Early in July 2015, I received a phone call from John Nicholson at Massey in Manchester advising me that he had heard of a machine that had become available in Norfolk (about 90mins drive from me). It was fairly well known among the community that I had been looking for a machine for some time (even looking as afar abroad as Malaysia to repatriate a beautiful Alldays and Onion 1cwt,Germany for a Beche L4, Italy and France for other Machines. The reason for all of these instances not coming into fruition being the exorbitant cost of transport [particularly the Malay example,  as there are additional cost when something has to pass through port]) 



These machines are becoming increasingly  rare. With  dwindling numbers in existence thanks due to the "scrap everything" policy of Administrators when a business goes into liquidation-our sector in particular as many of the light and medium forging companies used to be fairly large employers, with numerous pieces of forging equipment under one roof. When those business fell through in the 70's 80's & 90's, alot of machinery was lost overnight. 


So there's that, but then there is also the fact that in the current climate of their scarcity, those who have these machines tend to hold on to them (I know I will!).  This all adds up to make their availability increasingly limited. 

So! With this in mind I was excited and surprised to hear of a piece of equipment  that was available and so close.  

The piece was being sold by a certain Mr Bill Corduroy- a well known name in the British blacksmith crowd (In fact, it was a real bonus that this hammer was being sold by Bill- it was such a treat that I got to meet Bill who is hands down one of the nicest people I have met). 

I made travel arrangements and went to view the hammer and bought it right away. 

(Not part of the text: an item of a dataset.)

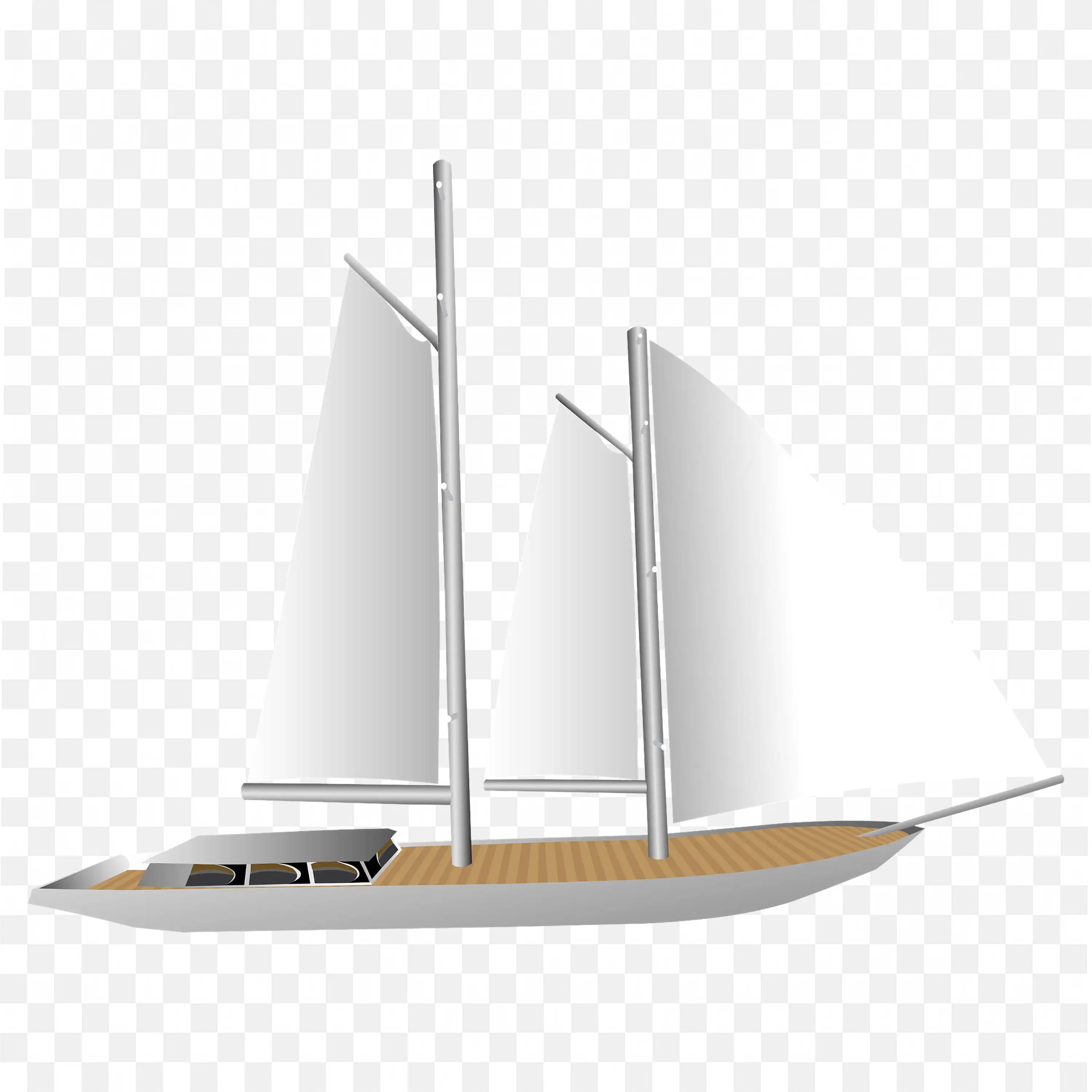 Sailboat with Twin Poles and Sleek Wooden Hull PNG Image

This is the situation it was in- Bill had bought this hammer  about 25 years ago with the intention of "putting it in". However, the enormity of that task coupled with his busy, successful career meant that he simply never got around to it. It is often said these days that power hammers tend to be owned by two or three persons before someone actually installs it. They tend to become a "Feature" or "Yard Art". 

The Hammer had been standing here in Bill's yard for about 25 years and Bill though it had not run for a while when he bought it from an industrial smithy- so lets call it 30 years.  It had, however been under cover for all that time and greased somewhat  when put away. The grease will prevent the majority of water ingress, but it has the surprising effect of becoming quite adhesive when left to oxidise for years- effectively gluing the system together. 



After speaking to another staple of Norfolk blacksmithing, Nigel Barnett of Fransham forge (who has a alot of experience moving big heavy things around) I got the number of a guy with a flat bed and hiab and we got the old girl delivered to Leicestershire






Spending the money is the easy part, now came the real work.  I had zero movement in the fly wheel when pushing by hand so I had to take the cylinder covers off to have a look at what was going on inside.

The fly wheel is attached to the compressor cylinder by a large con-rod, so that when the wheel makes one rotation the compressor cylinder has made one full stroke- up and down, once.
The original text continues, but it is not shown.